- _Task_: Would you please reproduce all the entries word for word, minus the pictures?

- _Material supplied_:
********

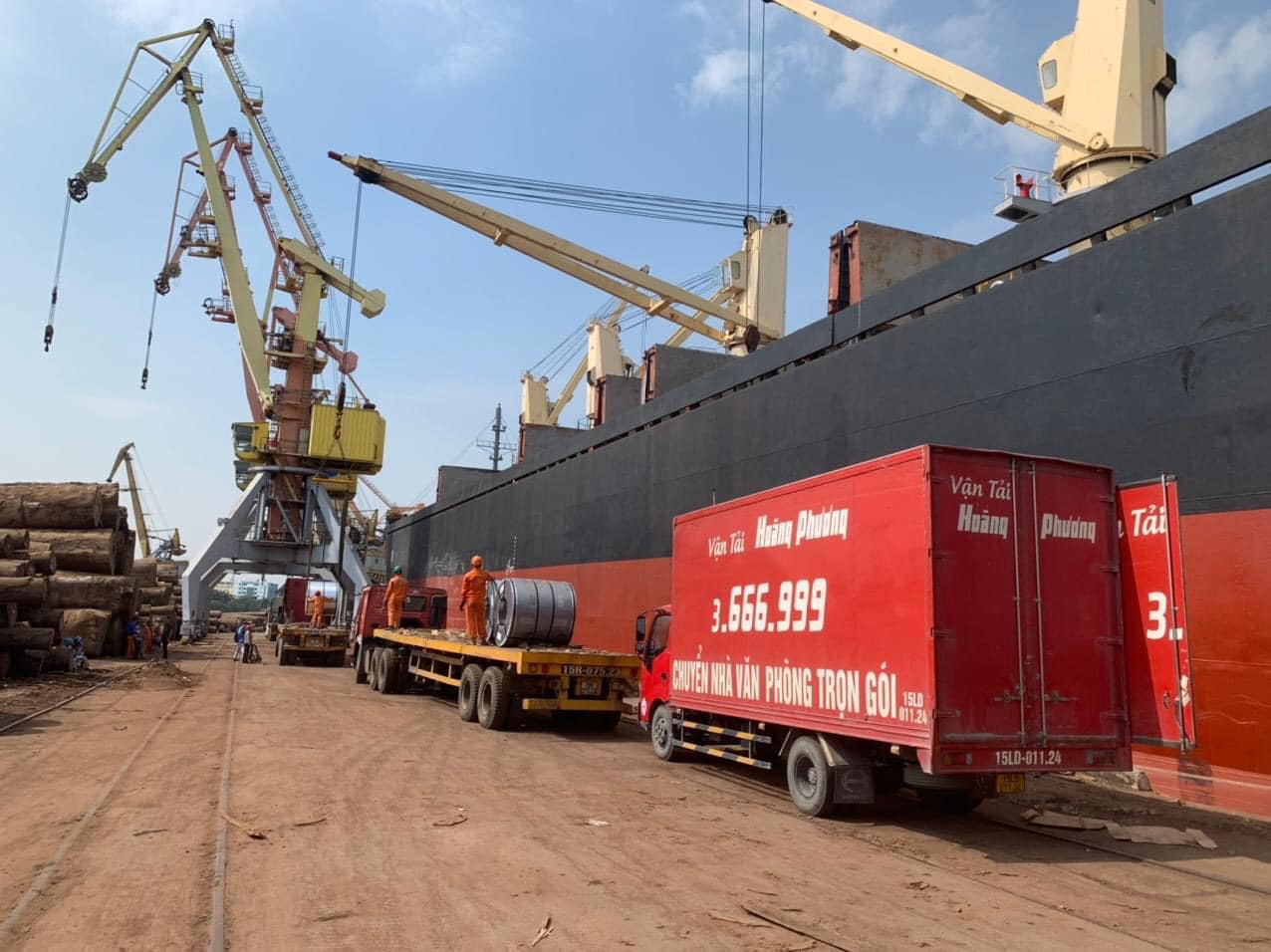 Chúng tôi sở hữu dàn xe tải từ 500kg đến 5 tấn, phù hợp với mọi nhu cầu vận chuyển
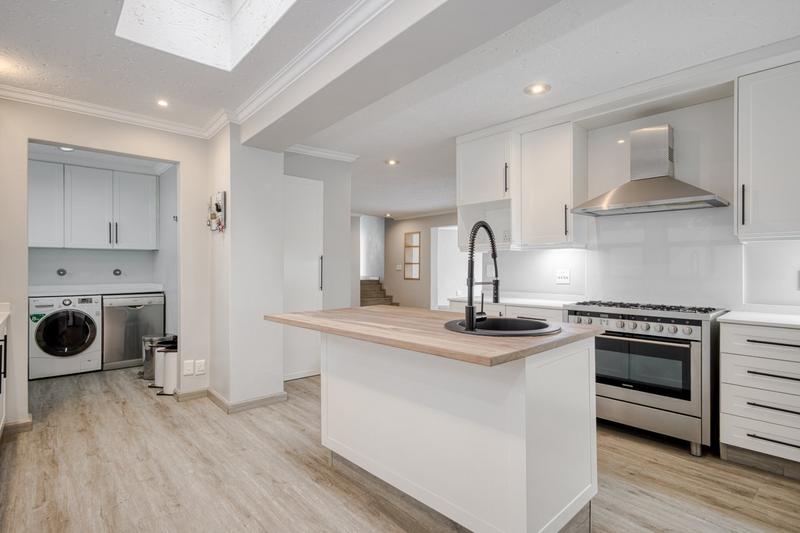 To Let 4 Bedroom Property for Rent in Dainfern Golf Estate Gauteng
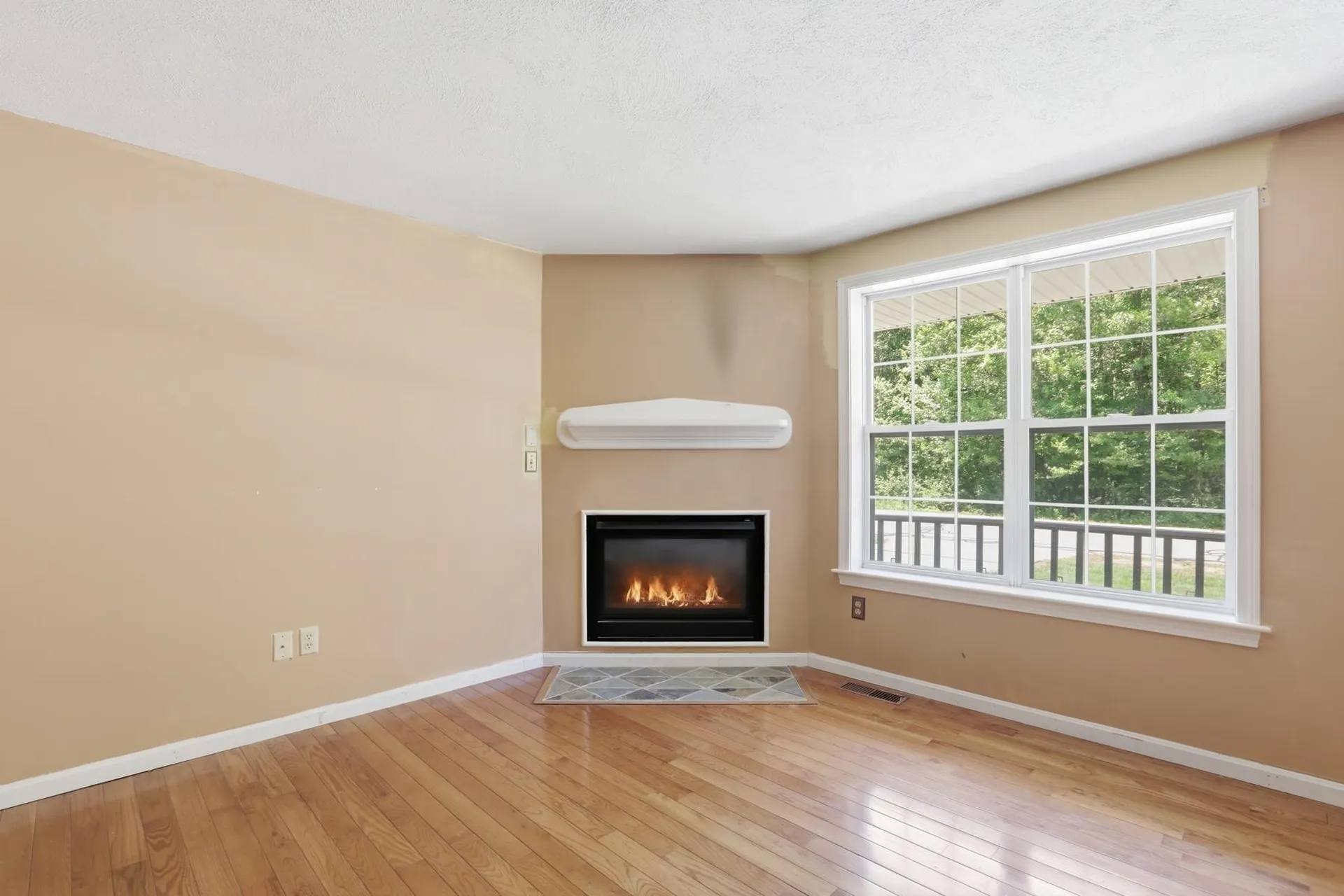 27 Saint John Lane Hampstead NH 03841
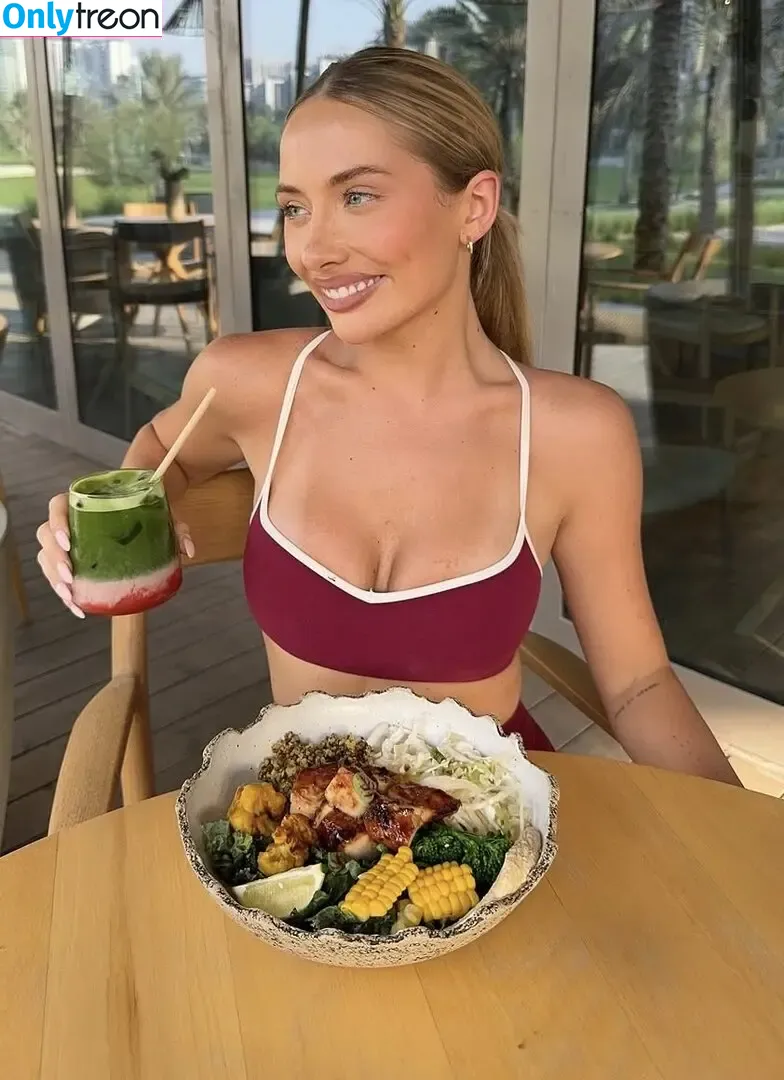 Saffron Barker nude photo #0369 (saffronbarker / thegoddesssaffron)
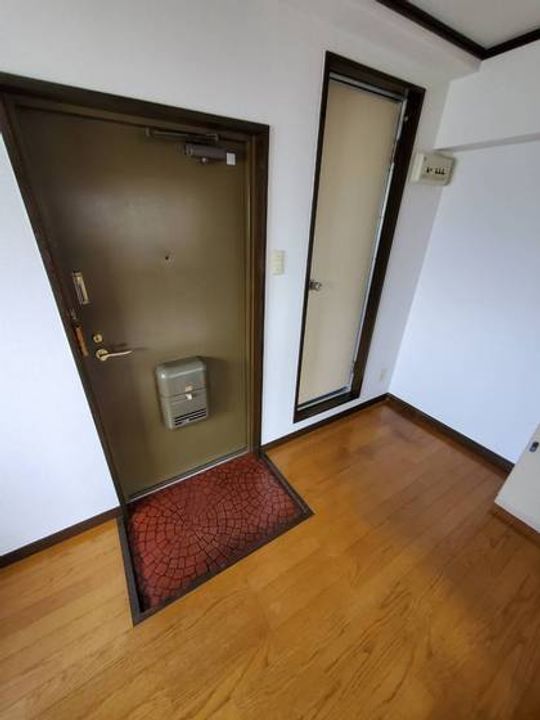 ロフト24の玄関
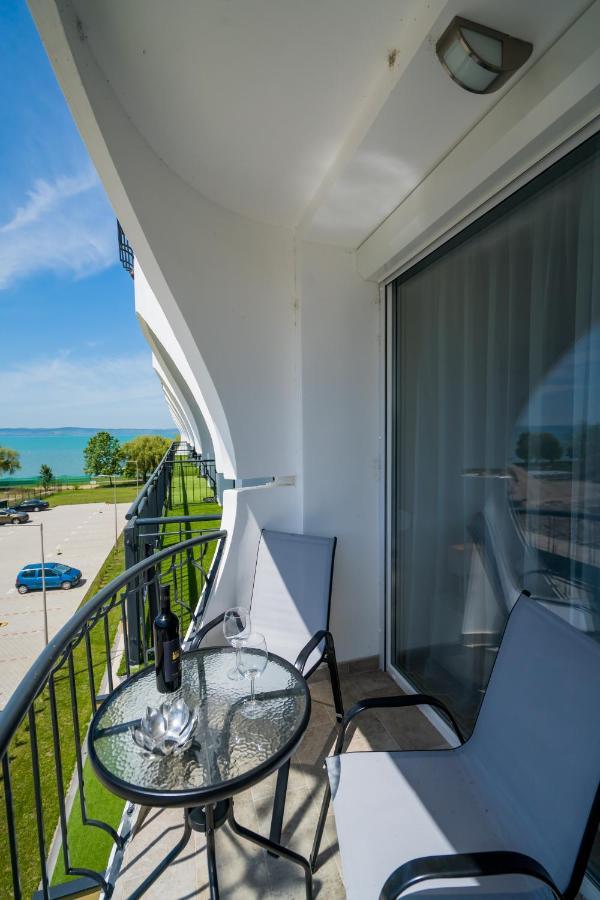 Csenge Apartman Siofok Exterior photo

********

- _Problem solution_:
 Chúng tôi sở hữu dàn xe tải từ 500kg đến 5 tấn, phù hợp với mọi nhu cầu vận chuyển
 To Let 4 Bedroom Property for Rent in Dainfern Golf Estate Gauteng
 27 Saint John Lane Hampstead NH 03841
 Saffron Barker nude photo #0369 (saffronbarker / thegoddesssaffron)
 ロフト24の玄関
 Csenge Apartman Siofok Exterior photo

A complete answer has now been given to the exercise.